Soulignons ici le rôle inquiétant de l'Agence de Biomédecine qui va remplacer le Parlement. Au nom de qui? Cette Agence sera juge et partie, puisque l'éthique des pratiques médicales et scientifiques serait jugée par ceux-là même qui y ont recours (médecins, chercheurs, biologistes). Ajoutons qu'une certaine liberté de la science pourrait acquérir indûment un caractère sacré si elle n'a plus le contre-pouvoir du bon sens de chaque parlementaire.
A ces conditions dérogatoires, le projet gouvernemental ajoute des conditions pratiques : les embryons sacrifiés à la recherche ne devront l’être qu’avec le consentement des parents et si, embryons « surnuméraires » devenus inutiles, ils ne font plus l’objet d’un projet parental. Y aurait-il donc, comme se le demande la Fondation de Service politique, « deux types d’être humain », celui que l’on garde et celui que l’on rejette ? L’homme n’existerait-il, en définitive, que dans le désir de ses parents ?
Le rôle aggravant du député Jean Léonetti
Jean Léonetti s’est illustré comme un homme politique consensuel et prudent comme maître d’œuvre du rapport sur la fin de vie et de celui sur un éventuel statut du beau-parent. Nous nous sommes fait ici même l’écho de son petit ouvrage fort intéressant "Quand la science transformera l'humain", tout en déplorant dans notre analyse que ce même ouvrage qui dépeint une vingtaine de situations concrètes compliquées soulevées par les « progrès » de la bioéthique n’ait pas eu un chapitre, un paragraphe, un mot, pour la question de l’avortement, de la future mère en détresse, ou de l’enfant à naître.

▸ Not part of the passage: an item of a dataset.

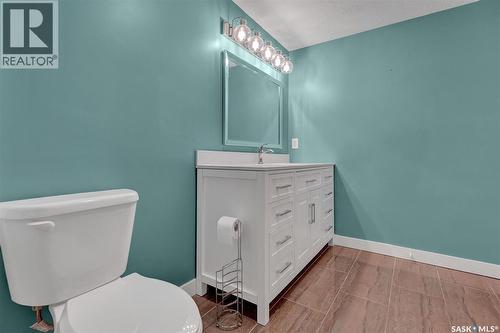 1276 Campbell Street, Regina, SK - Indoor Photo Showing Bathroom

C’est donc sans surprise que nous découvrons à travers cette loi un Léonetti encore beaucoup plus déterminé à sacrifier l’embryon sur l’autel de la recherche que le gouvernement lui-même. Rapporteur de la commission parlementaire spéciale chargée d’étudier le projet gouvernemental avant sa présentation à l’Assemblée Nationale, Jean Léonetti veut aller plus loin et réclame la suppression pure et simple du système de dérogation pour offrir aux chercheurs une liberté totale d’utilisation de l’embryon.

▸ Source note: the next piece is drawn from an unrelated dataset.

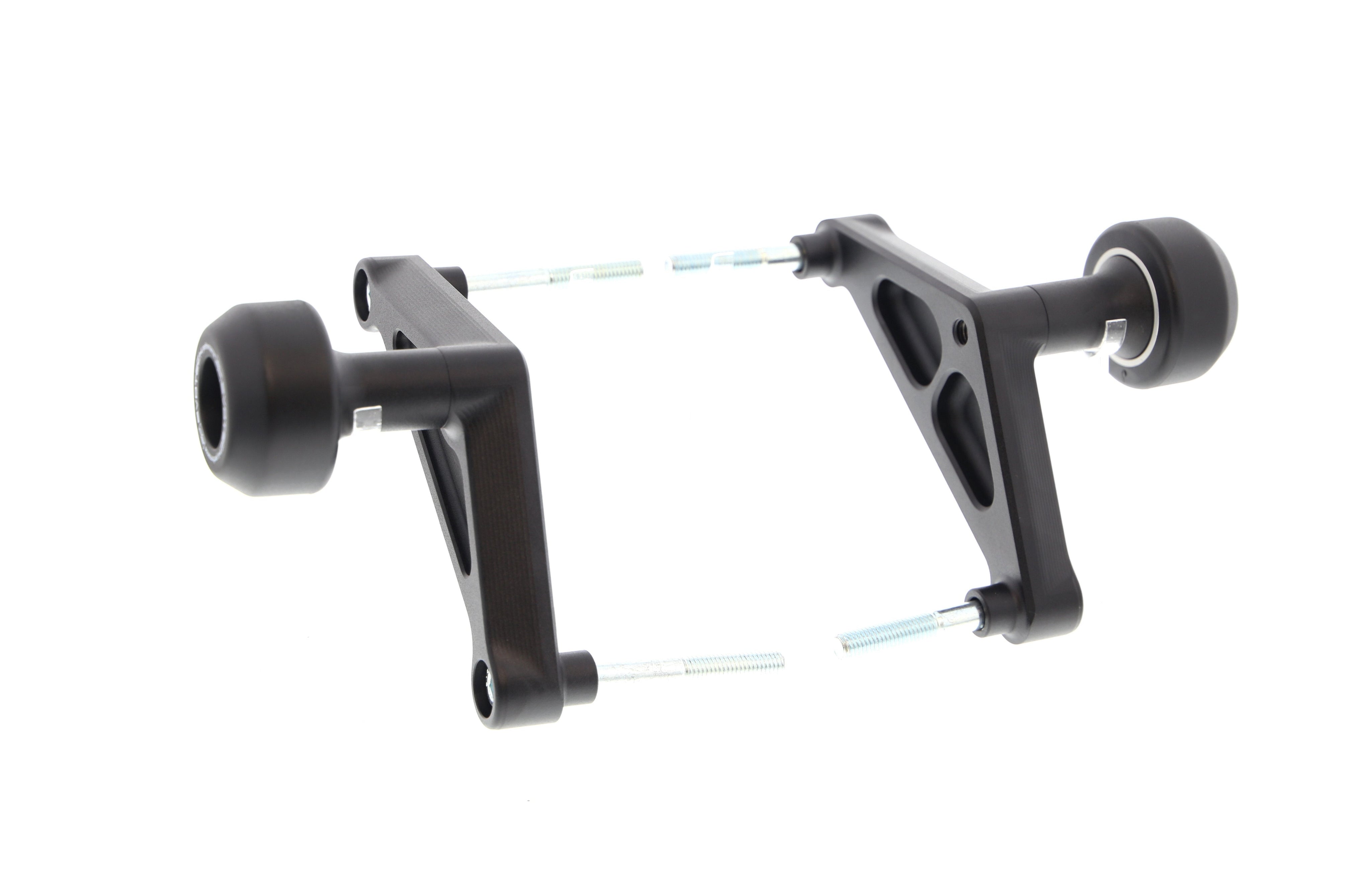 EP Aprilia RSV4 RF Crash Bobbins (2015-2020)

De plus, il ne rappellel'interdiction de principe de la recherche sur l'embryon que pour réclamer la suppression de l'ajout salutaire du gouvernement étendant l'interdiction de la recherche aussi sur les cellules souches embryonnaires, là encore au nom de la nécessaire liberté des chercheurs.
Pour favoriser la fécondation in vitro et « inciter « face à la pénurie actuelle » les femmes à donner leurs précieuses cellules, il propose « une reconnaissance de la nation aux donneuses » et se déclare favorable au « egg freezing » qui permet aux femmes de « mettre au frais » leurs ovocytes en attendant de trouver le géniteur idéal » comme l’explique Pierre-Olivier Arduin analysant sur le site Décryptage les propos de Léonetti au JDD du 7 nov. 2010 et à la Croix du 10 nov.
Les choses vont se décider maintenant très vite avec l’examen à l’Assembl ée Nationale qui est prévu pour ces prochaines semaines. Il est plus que temps de faire entendre la voix des plus faibles, c’est-à-dire des embryons, ces enfants à naître.
Claire de Gatellier
*Il serait urgent que soit rappelée publiquement la nature de l'embryon: de façon définitive, l'embryon est un être humain: un "être", parce que ce n'est pas une chose, et "humain" parce que son développement ne conduit pas à la naissance d'un animal. Cela ne relève pas de la science... mais du bon sens.